The Crams moved to the San Bernardino area, and prospered by making furniture with a lathe that they had brought to California in their wagon. Lewis Cram, who tried growing oranges and other types of fruit trees, and another citrus experimenter named Frederick Van Leuven, are credited with being the first to show that the inland valleys, far to the east of Los Angeles, were outstanding places to grow oranges. Lewis Cram and his descendents became very successful orange growers in East Highland, and Lewis Crams' old seedling tree remained a landmark of his pioneering. Lewis Cram died in 1915, but the old seedling kept producing huge crops. In 1926, its height was 33 feet five inches, circumference at ground level was fifty-nine and a half inches, and the spread of its branches was 30 feet. In its most productive years, it sometimes produced a crop of over a ton of oranges. The tree would have made a wonderful memorial to the past of East Highland, now that the area is filled with houses, but it was bulldozed in the 1960's by a developer who apparently had no idea of its significance.

Roger Birdsall remembered a huge grapefruit tree in Rialto called "Morgan's Number One." This was the largest citrus tree in Rialto. It was named after Al Morgan, who owned the grove with the gigantic grapefruit tree. Close by was another grapefruit tree in the grove that was only slightly smaller. When it came time to fumigate the orchard with cyanide gas, the fumigating company hired to do the job found that the two grapefruit trees were far too large to cover with the biggest fumigating tents that they had. The fumigating company’s largest tents were draped on the sides of the tree, and then Birdsall climbed to the top of the tree, pulled a small tent over the top. and clipped it to the large tents on the sides of the tree.

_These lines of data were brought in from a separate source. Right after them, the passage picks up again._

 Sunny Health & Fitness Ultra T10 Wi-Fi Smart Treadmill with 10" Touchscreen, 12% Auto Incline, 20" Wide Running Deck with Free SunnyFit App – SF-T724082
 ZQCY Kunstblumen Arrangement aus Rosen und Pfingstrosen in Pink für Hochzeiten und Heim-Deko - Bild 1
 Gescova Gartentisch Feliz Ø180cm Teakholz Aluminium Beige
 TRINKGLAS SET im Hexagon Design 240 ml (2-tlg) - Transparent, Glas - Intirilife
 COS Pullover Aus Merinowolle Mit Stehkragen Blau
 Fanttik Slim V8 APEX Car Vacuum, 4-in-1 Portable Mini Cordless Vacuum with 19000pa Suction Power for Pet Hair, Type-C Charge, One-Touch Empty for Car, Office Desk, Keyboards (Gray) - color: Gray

Many astounding eucalyptus windbreak trees also fell to the developers. Roger Birdsall recalled the biggest eucalyptus tree in the valley, which grew across the street from his parents' house in Ontario. He estimated that the trunk was about 18 feet thick in the east-west direction and 15 feet thick in the north- south direction. The tree was well over one hundred feet tall. In the days of primitive navigation aids, pilots heading for Los Angeles International Airport used the tree as a landmark. Once, the Los Angeles Metropolitan Water District planned to remove the tree to install an aqueduct, and Roger's dad battled furiously to save it. He succeeded, but later, after the land was sold, developers finally pushed the monster eucalyptus over.